BEGIN Exercise input

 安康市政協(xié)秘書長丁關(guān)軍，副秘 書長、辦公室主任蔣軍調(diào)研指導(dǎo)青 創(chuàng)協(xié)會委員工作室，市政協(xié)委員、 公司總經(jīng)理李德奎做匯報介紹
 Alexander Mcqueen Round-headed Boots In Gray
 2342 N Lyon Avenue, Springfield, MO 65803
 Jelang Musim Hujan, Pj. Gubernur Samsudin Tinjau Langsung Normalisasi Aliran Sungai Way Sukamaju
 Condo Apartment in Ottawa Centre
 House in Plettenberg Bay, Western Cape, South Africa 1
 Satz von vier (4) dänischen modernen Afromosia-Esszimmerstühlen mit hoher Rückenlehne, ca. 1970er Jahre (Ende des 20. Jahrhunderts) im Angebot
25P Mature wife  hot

END Exercise input
BEGIN Exercise input

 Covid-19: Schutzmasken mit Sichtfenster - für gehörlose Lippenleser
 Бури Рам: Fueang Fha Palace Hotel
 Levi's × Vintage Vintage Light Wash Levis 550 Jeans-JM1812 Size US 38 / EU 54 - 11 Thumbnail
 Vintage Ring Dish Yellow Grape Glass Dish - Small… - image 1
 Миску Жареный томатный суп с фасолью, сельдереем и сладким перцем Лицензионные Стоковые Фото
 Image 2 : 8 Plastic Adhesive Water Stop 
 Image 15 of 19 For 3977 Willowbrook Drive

END Exercise input
BEGIN Exercise input

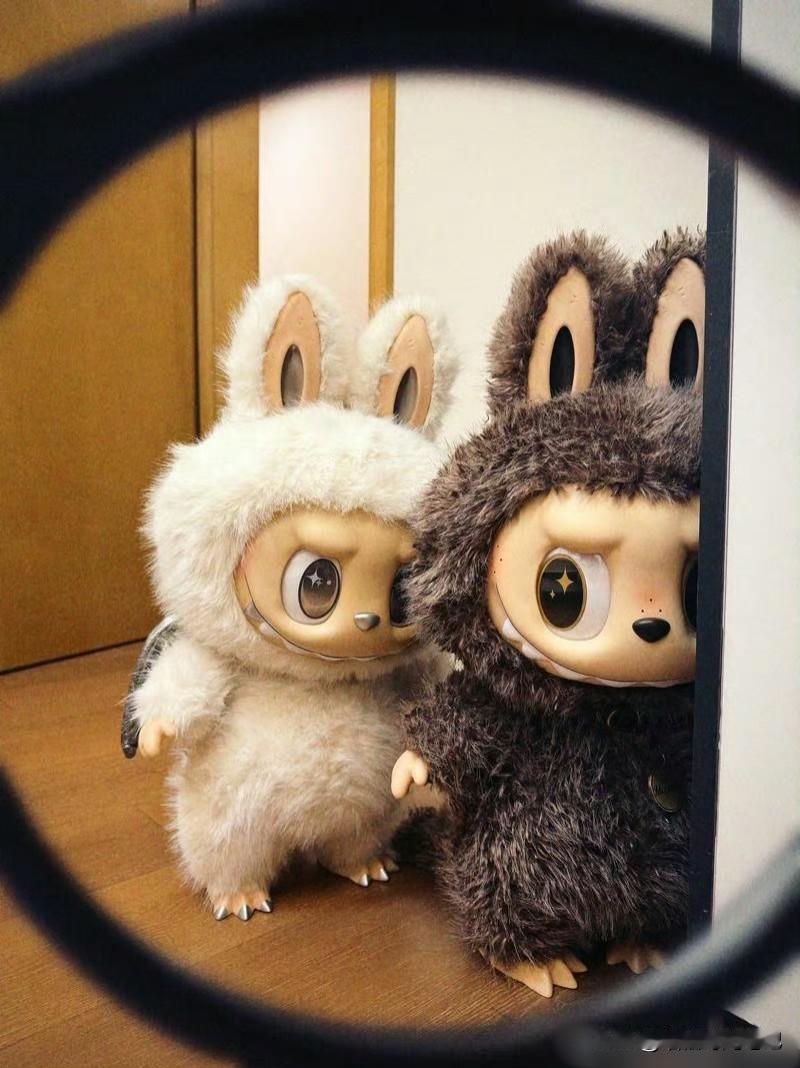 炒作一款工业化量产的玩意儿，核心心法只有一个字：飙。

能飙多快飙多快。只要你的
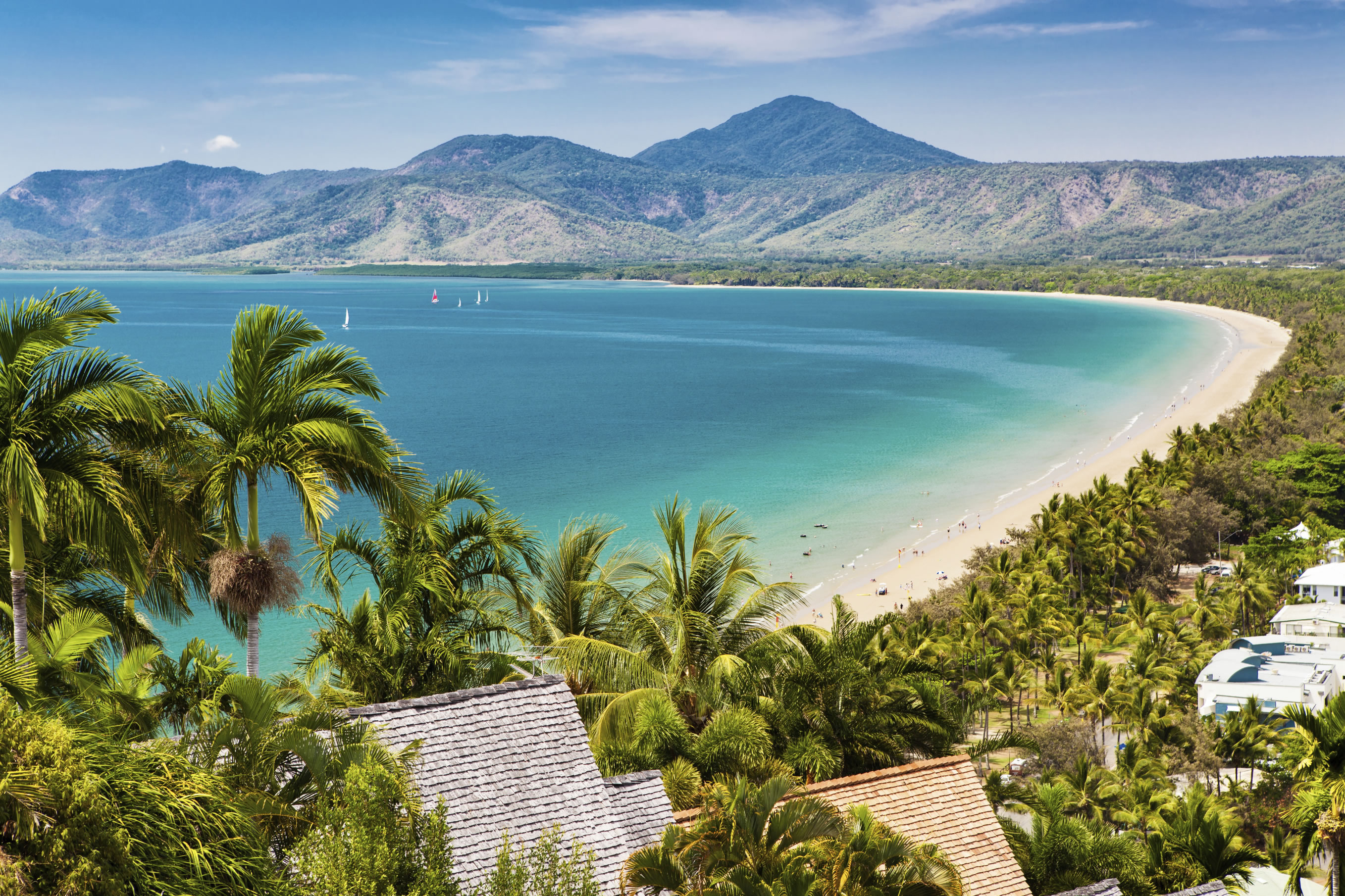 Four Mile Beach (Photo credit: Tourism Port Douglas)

END Exercise input

◆ Aim of the task
Find and copy every line in the entries above where the string "Vintage" occurs.

◆ Answer below
 Levi's × Vintage Vintage Light Wash Levis 550 Jeans-JM1812 Size US 38 / EU 54 - 11 Thumbnail
 Vintage Ring Dish Yellow Grape Glass Dish - Small… - image 1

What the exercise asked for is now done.